◆ **Your objective**
Starting at the top of the listing, extract every line up to and including the one with "Universal Car Phone". Pictures stay out of the copy.

☆ ☆ ☆ ☆ ☆ ☆ ☆

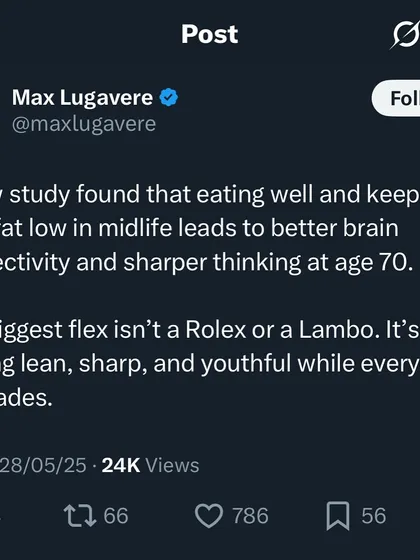 This post resonates deeply with my philosophy. True wellness is not about luxury goods, but about investing in your health to stay lean, sharp, and youthful. I focus on a holistic approach including treatments, fitness, nutrition, and proper sleep.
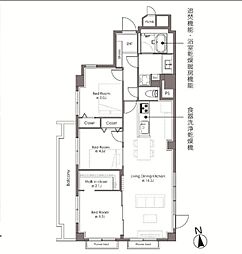 三井馬事公苑南ハイツ 3LDKの間取図画像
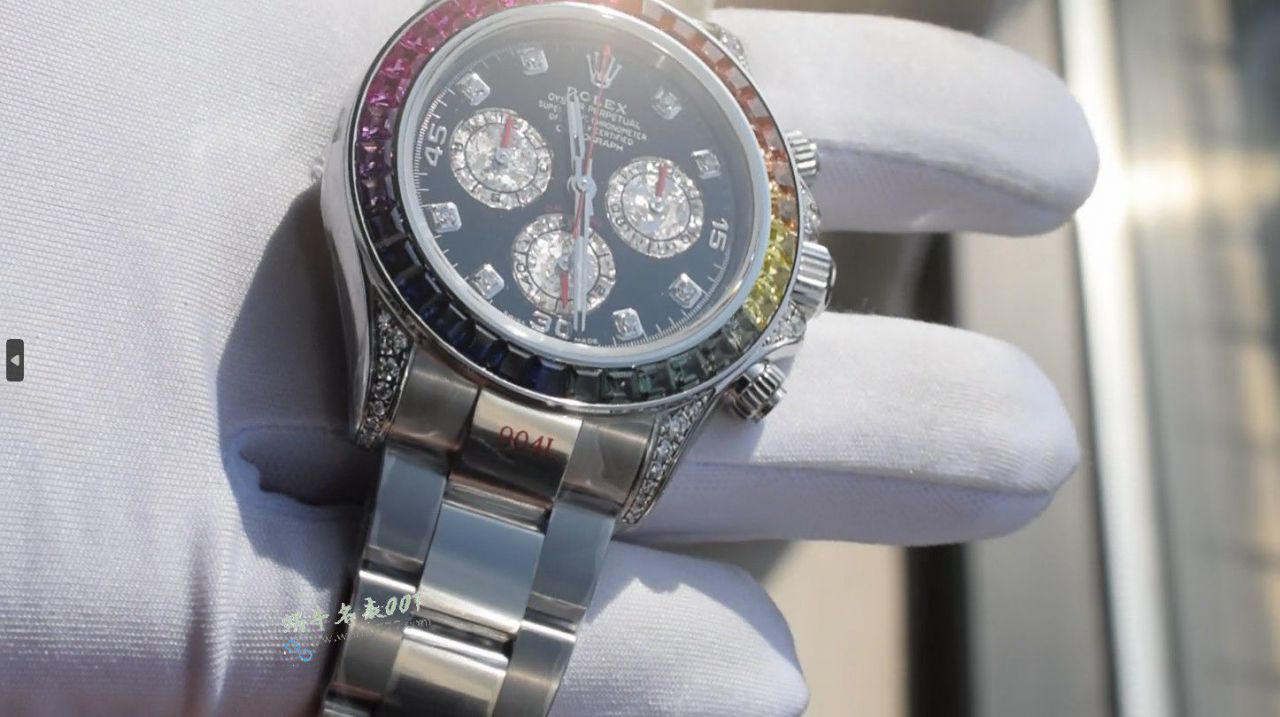  Rolex Daytona  Ultra-high-end  Customized  clone  Rainbow Daytona 116599 RBOW watches  / R932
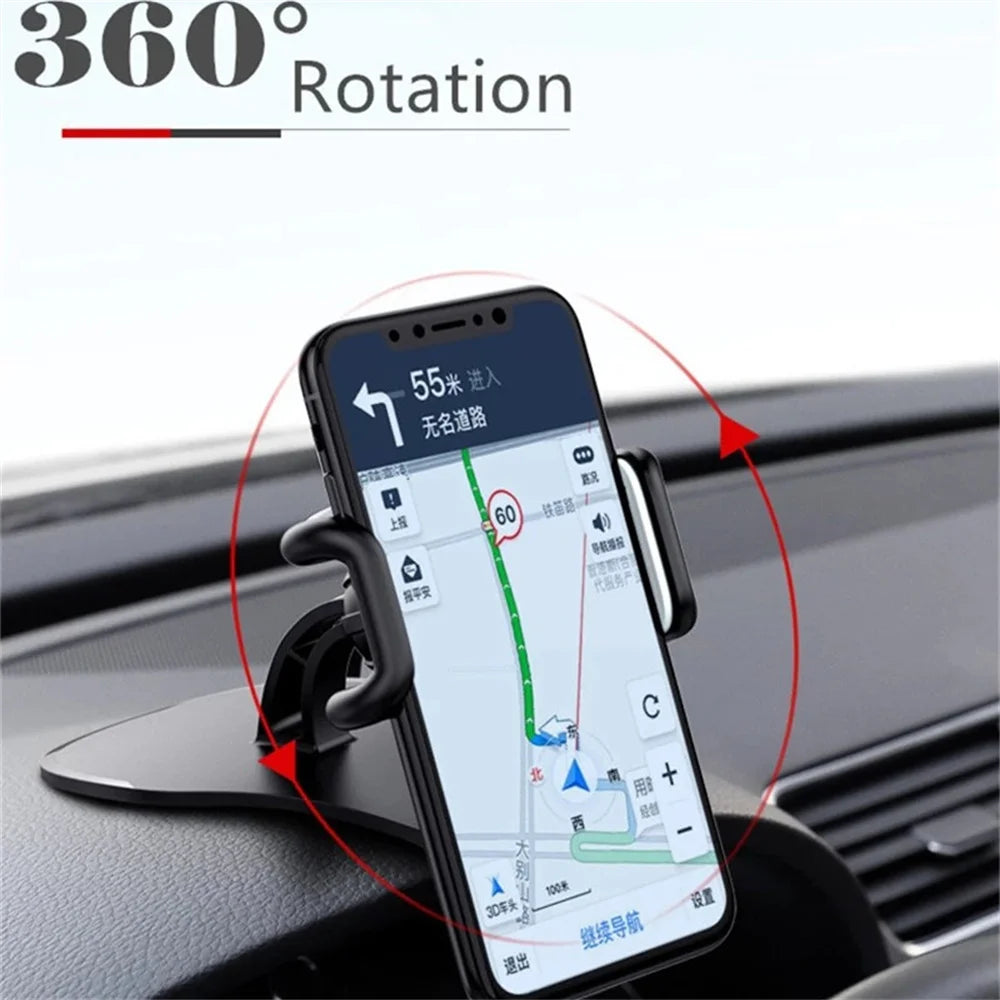 Universal Car Phone Holder Stand Dashboard Car Clip Mount
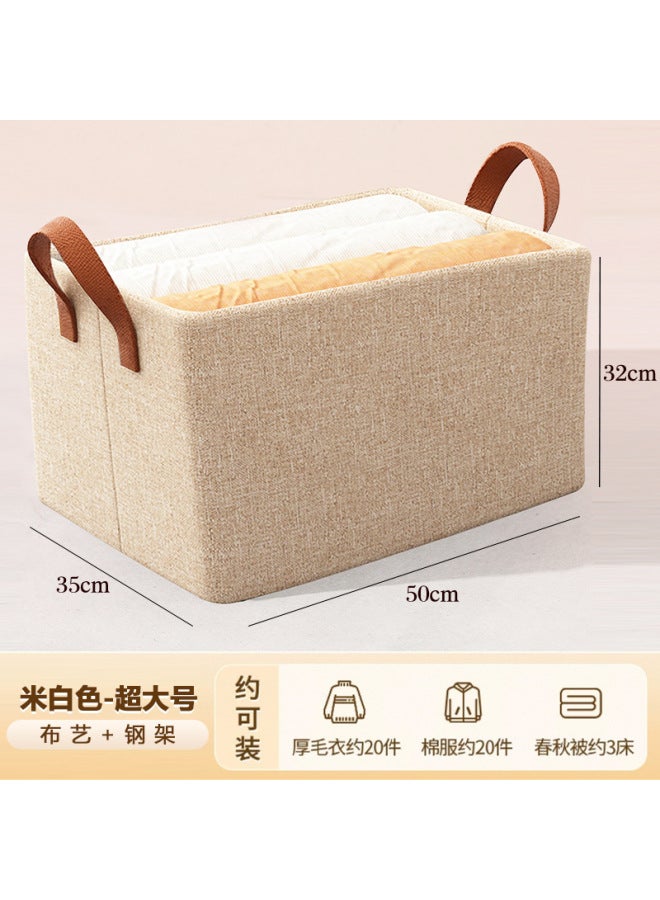 Autonomy Clothes Storage Box, Home Wardrobe Organizer, Clothing And Pants Storage Bin, Foldable Fabric Storage Basket - Image 1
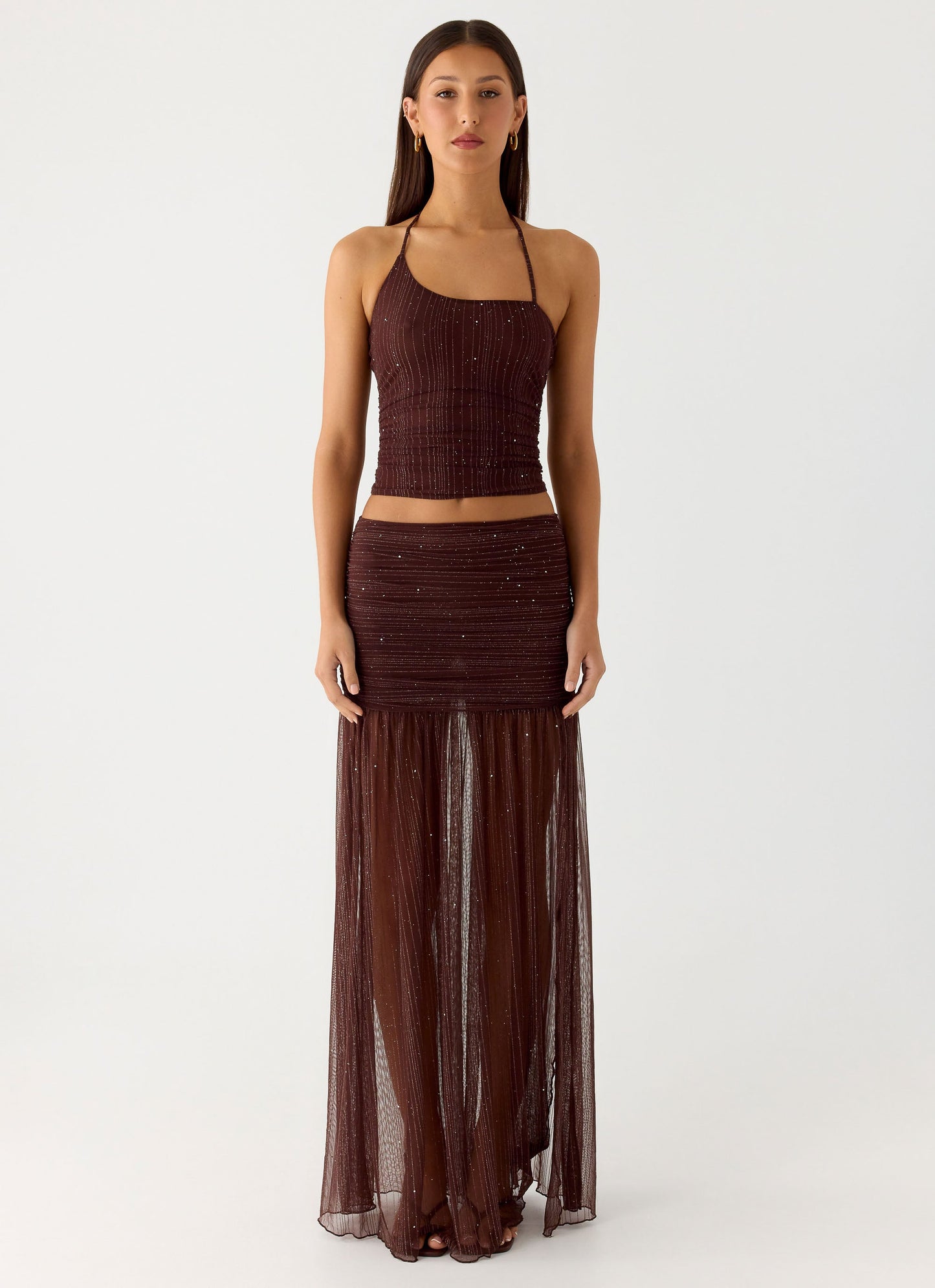Sparkling Night Top - Chocolate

☆ ☆ ☆ ☆ ☆ ☆ ☆

◆ **Output below**
 This post resonates deeply with my philosophy. True wellness is not about luxury goods, but about investing in your health to stay lean, sharp, and youthful. I focus on a holistic approach including treatments, fitness, nutrition, and proper sleep.
 三井馬事公苑南ハイツ 3LDKの間取図画像
  Rolex Daytona  Ultra-high-end  Customized  clone  Rainbow Daytona 116599 RBOW watches  / R932
 Universal Car Phone Holder Stand Dashboard Car Clip Mount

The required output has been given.